Recent high-resolution imaging of a major subduction zone running along the Aleutian Islands shows that an area known as the Shumagin Gap may pose a significant tsunami risk to nearby and distant shores. Researchers have found that the gap’s geological structure bears a striking resemblance to the part of the Japan Trench that ruptured in 2011 and sent a tsunami hurtling toward Japan’s mainland.
The 2011 earthquake and tsunami killed more than 20,000 people. For this stretch of the Aleutians, local tsunamis generated by the Shumagin Gap would roll up on Aleutian island shorelines within only about 30 minutes.
What’s more, tsunami waves traveling farther afield could speed south toward Hawaii and the U.S. mainland, potentially threatening hundreds of thousands of people. The study of seismic hazards in the gap, published this summer in Nature Geoscience, was led by Anne Bécel, a marine geophysicist at the Lamont-Doherty Earth Observatory (LDEO) of Columbia University in Palisades, N.Y.
The Alaska subduction zone stretches for roughly 4,000 kilometers from Russia to Alaska and generates numerous earthquakes as the Pacific plate dives beneath the North American plate. But the tectonic plates in the area of the Shumagin Gap are steadily creeping, releasing energy slowly as opposed to the quick release of energy in an enormous earthquake.
This area is accordingly thought to be incapable of generating large megathrust earthquakes, said Heidi Houston, a geophysicist at the University of Washington in Seattle. But earthquakes elsewhere along the Alaska subduction zone might have triggered shaking in the Shumagin Gap in the past, researchers have suggested. That’s a particularly dangerous situation because of the possibility of large tsunamis now revealed by Bécel and her team.
An Air Gun and Kilometers of Cable
Bécel and her colleagues collected data at sea on board the R/V Marcus G. Langseth, a research vessel operated by LDEO. Over the course of 38 days in summer 2011, the researchers projected powerful sound waves toward the seafloor using compressed air and carefully recorded how those waves bounced back.
“We use sound waves to take pictures,” said Donna Shillington, a team member and marine geophysicist at LDEO. “This is one of the highest-resolution ways to image the Earth’s structure.”
Using the seismic reflecting imaging data, the researchers traced fault lines, accumulated sediments, and rock to depths of roughly 50–60 kilometers below the seafloor.
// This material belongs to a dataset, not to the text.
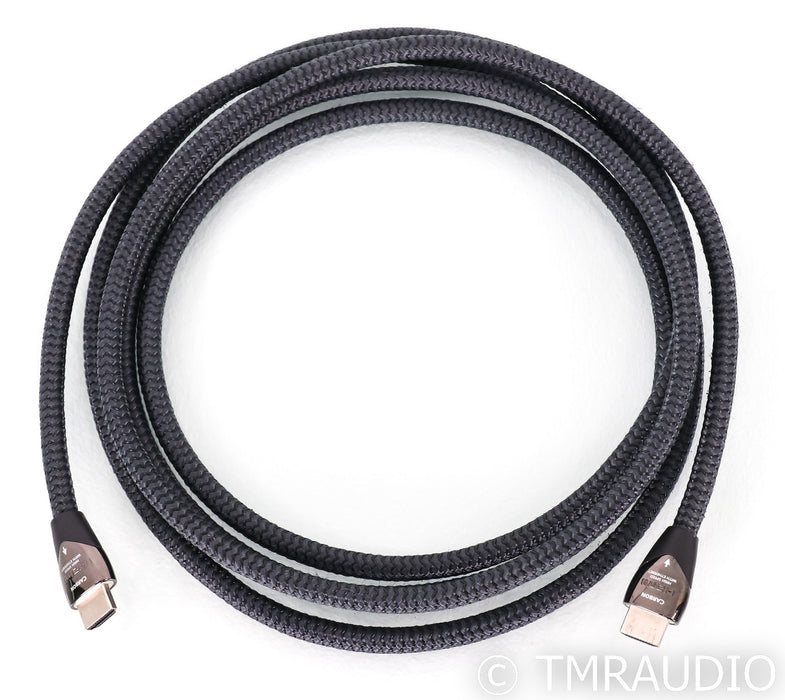 AudioQuest Carbon 48 HDMI Cable; 3m Digital Interconnect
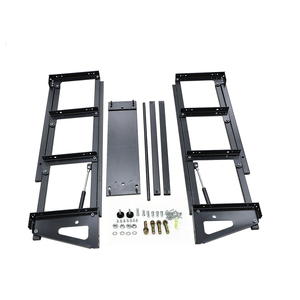 Moderner Falt mechanismus für Klapp beschläge - Product Image 2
The observations indicated that part of the North American plate had detached, resulting in an approximately 70-kilometer-long section of crust capable of freely moving in an earthquake.
Were an earthquake to drive this loose section upward, it could displace a massive volume of seawater and trigger a large tsunami, the researchers suggested. That would replay the scenario that unfolded in the Japan Trench 6 years ago, when the magnitude 9.0 Tohoku earthquake jolted upward a similarly detached block of the overriding tectonic plate.
Although these recent findings suggest that the Shumagin Gap may pose a major tsunami hazard, follow-up observations are needed, other researchers said. “Finding these characteristics elsewhere around the world is necessary to confirm this hypothesis,” said Alberto Lopez-Venegas, a geophysicist at the University of Puerto Rico’s campus in Mayagüez.
Rob Witter, a geologist with the U.S. Geological Survey at the Alaska Science Center in Anchorage, suggests that the next step is to consult the geologic record to look for evidence of historic tsunamis. “But so far, coastal evidence consistent with a great earthquake and tsunami…has eluded us,” Witter said.